Tuesday, July 24, 2012

The Daily Write: The Smell of Sadness (July 24, 2012. 12 minutes)

The smell of sadness

John wet his pants, every day. A tall and lanky geek, he had red hair, freckles and very pale skin. He was nice enough, except the smell of urine was so overwhelmingly pungent and sour that it was hard not to gag. This must've been before they had adult diapers. It was also before the word "oarder" was commonly understood. OCD too. These terms were private back then in the 70s. They either weren't known, or weren't used outside the context of a psychiatrist's office and the DSM.

I'm not sure why my dad let us go to Fred's house. Fred was John's father. And father to Mary and Frankie. Mary was a year or two older than me, but my friend. Frankie was my age and a friend of my younger brother. Fred, I guess, was a Ham radio operator like my dad. Otherwise, I can't imagine what they would have had in common.

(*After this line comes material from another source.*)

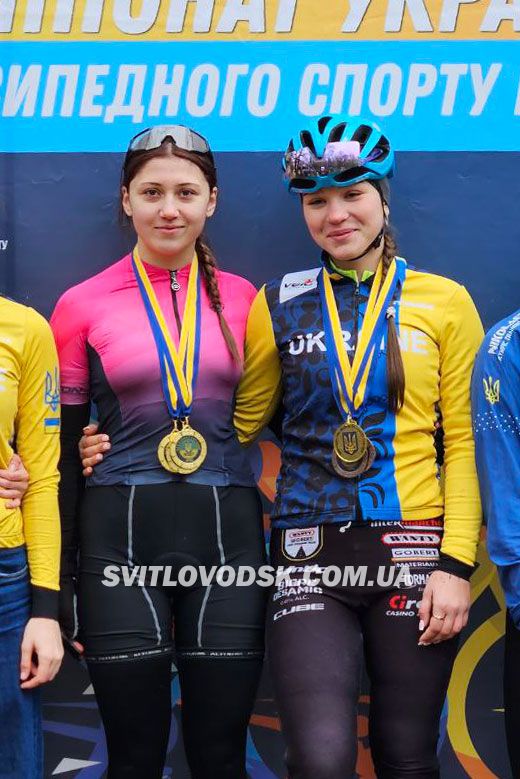 Золотий фінал сезону: тріумф Анастасії Довгaнюк і сильні старти команди Золотий фінал сезону: тріумф Анастасії Довгaнюк і сильні старти команди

Seems to me like my dad was in hiding back then. He never fessed up to being a Jew. It was bad enough that he was a therapist in a tiny bedroom community of old and new money. It was bad enough he got paid by the county and didn't come with his own inheritance. So maybe, in that strange state of WASP-wannbeness, my dad was perfectly comfortable being friends with a man whose house was so full of junk you had to cut a path through to get to the bathroom. And I guess we all pretended to ignore the pee smell, even if we found ourselves involuntarily breathing through the mouth to avoid the embarrassment of being caught noticing.

Poor John. He must've been miserable. Mary and Frankie too. I have no idea what happened to their mother. That's another thing we had in common with them - motherless children living with our single dads in an era when few couples were divorced and fathers raising kids alone was unheard of. So maybe the dads, however ill fitting they were as friends, were sticking together, a sort of male feminist embodiment of what happens when the mother isn't the primary caregiver.

I lost touch with Mary and Frankie and I was never friends with John, although it wasn't because he smelled. He was a lot older, and a guy, and an introvert. I heard Frankie changed his name, Mary disappeared and the house burnt down. Which I guess, when all is said and done, is maybe the best outcome you could hope for. As long as no one got hurt.